(Supplied data begins)
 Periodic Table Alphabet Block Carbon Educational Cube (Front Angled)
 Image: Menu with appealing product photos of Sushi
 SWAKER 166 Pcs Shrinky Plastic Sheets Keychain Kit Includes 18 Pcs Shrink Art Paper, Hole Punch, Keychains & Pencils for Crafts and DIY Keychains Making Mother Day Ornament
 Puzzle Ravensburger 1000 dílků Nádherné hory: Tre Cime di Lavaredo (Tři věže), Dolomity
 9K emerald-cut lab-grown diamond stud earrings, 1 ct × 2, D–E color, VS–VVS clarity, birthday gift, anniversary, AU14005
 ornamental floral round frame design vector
(Supplied data ends)
(Supplied data begins)
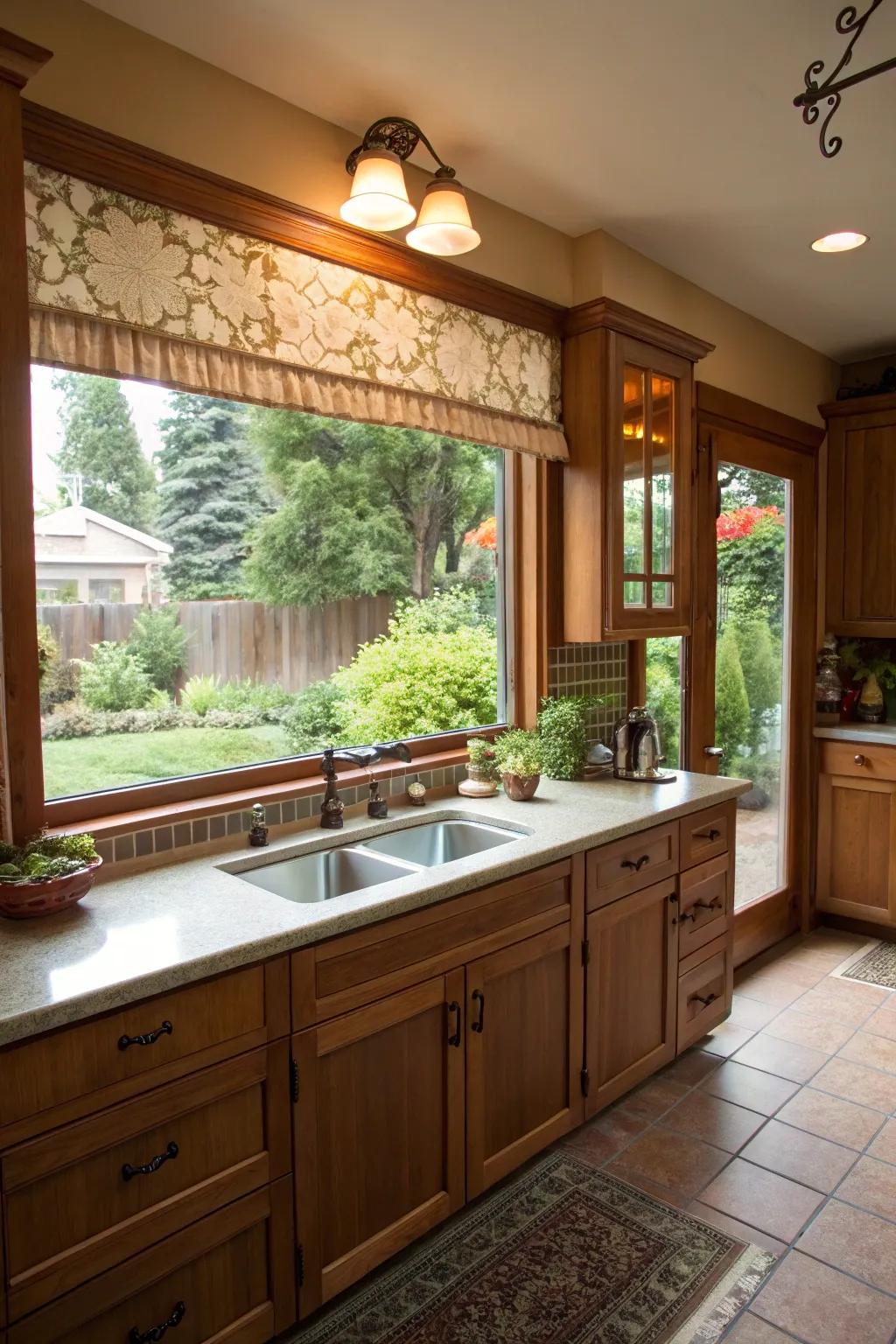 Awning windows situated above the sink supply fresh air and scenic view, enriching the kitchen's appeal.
(Supplied data ends)
(Supplied data begins)
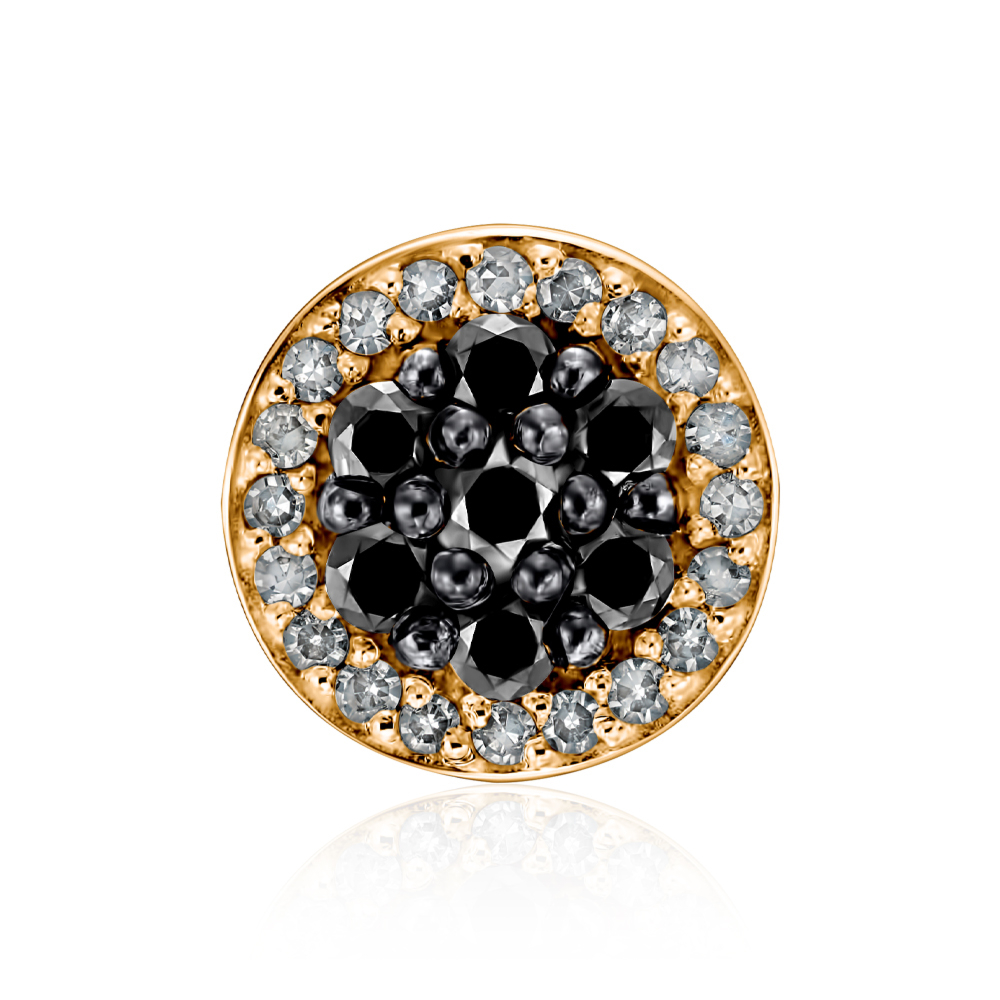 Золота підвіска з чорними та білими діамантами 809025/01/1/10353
(Supplied data ends)
Work request →
Print exactly the lines of the listing above starting at the line containing "Puzzle Ravensburger 1000" and ending at the line containing "ornamental floral round frame design vector", both included.

Output →
 Puzzle Ravensburger 1000 dílků Nádherné hory: Tre Cime di Lavaredo (Tři věže), Dolomity
 9K emerald-cut lab-grown diamond stud earrings, 1 ct × 2, D–E color, VS–VVS clarity, birthday gift, anniversary, AU14005
 ornamental floral round frame design vector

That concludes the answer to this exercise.